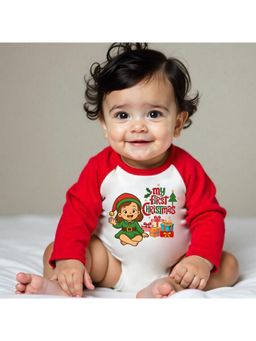KNITROOT - Cotton Knit Christmas Theme Full Raglan Sleeves Printed Multi-Color Onesie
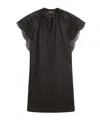 Max Mara Astor Short Dress In Ramie Canvas In Black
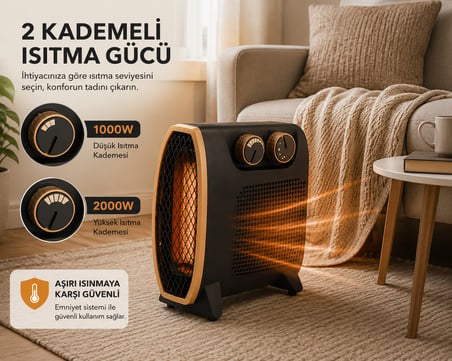 2000W Fanlı Elektrikli Isıtıcı 2 Kademeli 1000W 2000W Ayarlanabilir Termostatlı Kompakt Isıtıcı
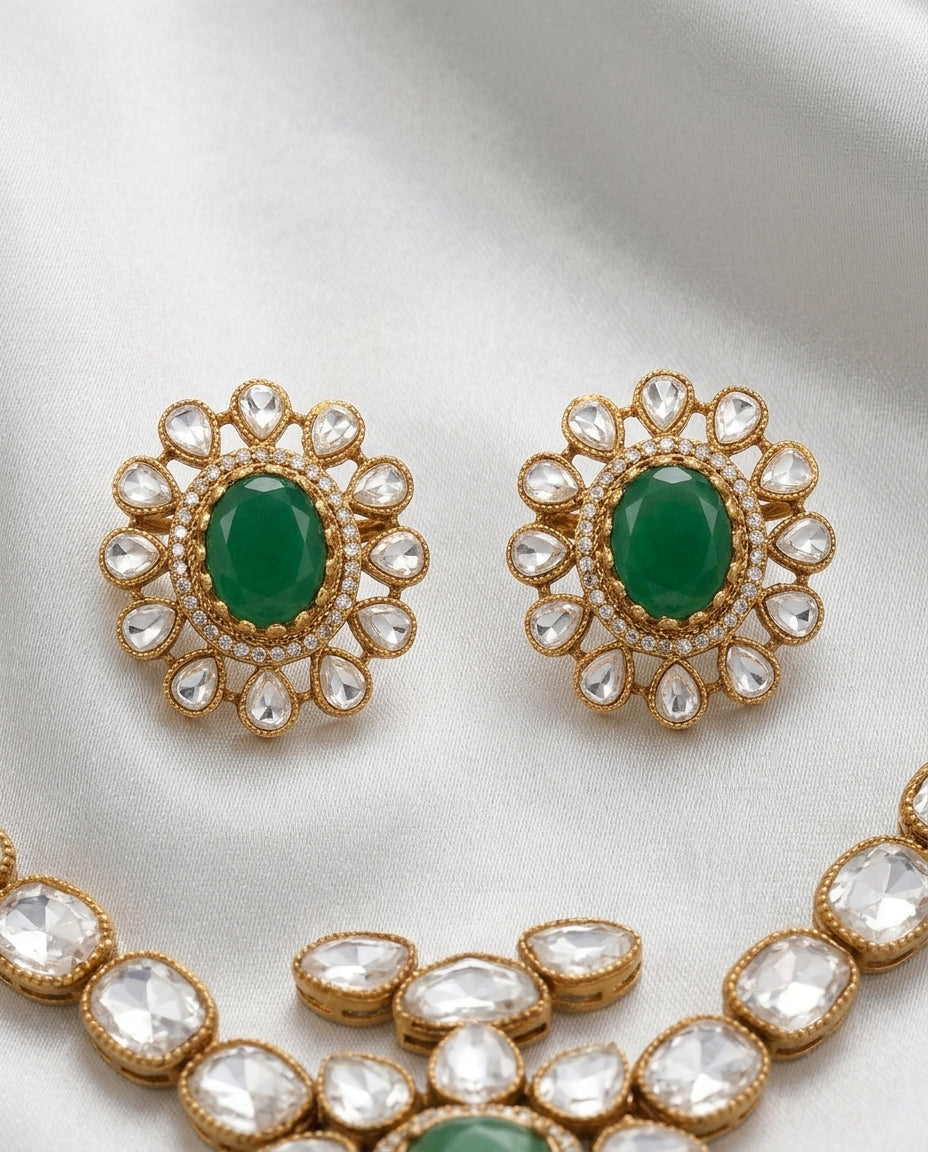 Moissanite Emerald Victorian Necklace Set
===============
**YOUR OBJECTIVE**:
Write out the lines of the listing from the one that holds "Max Mara Astor" to the very last line, both included, exactly as they appear and without any pictures.

**EXERCISE OUTPUT**:
 Max Mara Astor Short Dress In Ramie Canvas In Black
 2000W Fanlı Elektrikli Isıtıcı 2 Kademeli 1000W 2000W Ayarlanabilir Termostatlı Kompakt Isıtıcı
 Moissanite Emerald Victorian Necklace Set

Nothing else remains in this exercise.